Question

I'm looking for a solution to have one .hgrc for mercurial to work in all my working environments(win/lin/mac), just like one vimrc to rule all.

It comes to a problem when I have to specify the path for some extensions, for example, hg-git:

on windows:

[extensions]
hggit = E:\hg-git\hggit

on linux/mac:

[extensions]
hggit = ~/hg-git/hggit

For vimrc, we have solution to distinguish different platform, like

if has('win32')
  ...
endif

Knowing that mercurial's hgrc is barely a normal ini file, I wonder if there is similar solution for hgrc file.

Or maybe some other solution?

Update

Thanks for mentioning using "custom environment variable instead of hard coding", that works for extensions' path.

However, to make extensions work is just one goal. I believe there are other configurations' behavior that depends on platform, like in http://www.ogre3d.org/docs/OGREDeveloperGuide/index.html, specific options are needed for Windows and Mac. How to solve this kind of problem?

Was it helpful?

Solution

How about using the .hgrc include mechanism and three separate files:

~/.hgrc
~/.hgrc-windows
~/.hgrc-linux

where the main ~/.hgrc has:

%include .hgrc-$OS

and then set $OS in your windows profile and your linux profile's. Alternately you could probably find an env variable that already exists on both systems ($USERNAME is usally already set in both windows and unix and may differ for you).

OTHER TIPS

This is just in case you don't find a way to have only one .hgrc (or one set of .hgrc* files, per Oben Sonne's comment).

I only face Windows environments, so my mercurial.ini files are the same except for 1 path. I keep a copy in version control along with my Powershell profile script.

However, if I were faced with environments more varied, I would abstract the configuration to a script in a cross-platform language (e.g., Python) that overwrites the target .hgrc or mercurial.ini. I'd be able to have the pieces that have to be different for each OS/machine right next each other with easy ways of distinguishing which environment is current. Then I would keep that script in version-control to help keep the same version on each machine.

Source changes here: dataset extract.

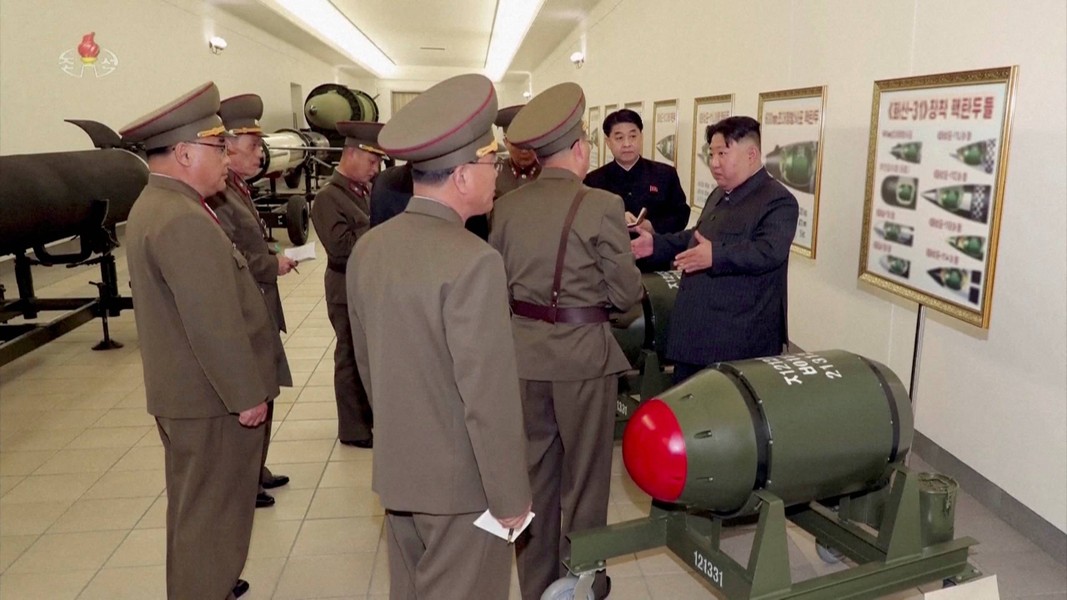 Bí ẩn nguồn gốc vũ khí hạt nhân của Triều Tiên khiến chuyên gia quân sự đau đầu- Ảnh 2.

Since I don't change it often, I would probably execute it manually on each machine when I visited it next. For a larger number of machines or more frequent changes, I would have another script executed on login that pulls changes to the generating script from a central repo, and if there were indeed new changes pulled, update to tip and run the script.

(Heck, I'm now tempted to rig this kind of setup anyway.)

Why don't you just use a custom environment variable instead of hard coding the paths?